(Stored items)

+++

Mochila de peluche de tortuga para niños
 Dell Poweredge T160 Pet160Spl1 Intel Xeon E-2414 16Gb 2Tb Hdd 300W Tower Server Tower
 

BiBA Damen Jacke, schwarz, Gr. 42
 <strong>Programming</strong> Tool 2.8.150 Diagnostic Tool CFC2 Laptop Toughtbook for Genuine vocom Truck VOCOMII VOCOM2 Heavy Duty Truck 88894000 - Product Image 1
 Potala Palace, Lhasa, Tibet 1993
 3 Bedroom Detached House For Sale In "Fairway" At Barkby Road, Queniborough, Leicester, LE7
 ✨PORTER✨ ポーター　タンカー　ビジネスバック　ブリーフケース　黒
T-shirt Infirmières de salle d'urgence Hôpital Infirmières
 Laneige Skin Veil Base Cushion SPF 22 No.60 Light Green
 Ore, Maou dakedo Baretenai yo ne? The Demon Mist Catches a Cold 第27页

+++

WORK REQUEST: Transcribe each entry word for word.

REPLY:
Mochila de peluche de tortuga para niños
 Dell Poweredge T160 Pet160Spl1 Intel Xeon E-2414 16Gb 2Tb Hdd 300W Tower Server Tower
 

BiBA Damen Jacke, schwarz, Gr. 42
 <strong>Programming</strong> Tool 2.8.150 Diagnostic Tool CFC2 Laptop Toughtbook for Genuine vocom Truck VOCOMII VOCOM2 Heavy Duty Truck 88894000 - Product Image 1
 Potala Palace, Lhasa, Tibet 1993
 3 Bedroom Detached House For Sale In "Fairway" At Barkby Road, Queniborough, Leicester, LE7
 ✨PORTER✨ ポーター　タンカー　ビジネスバック　ブリーフケース　黒
T-shirt Infirmières de salle d'urgence Hôpital Infirmières
 Laneige Skin Veil Base Cushion SPF 22 No.60 Light Green
 Ore, Maou dakedo Baretenai yo ne? The Demon Mist Catches a Cold 第27页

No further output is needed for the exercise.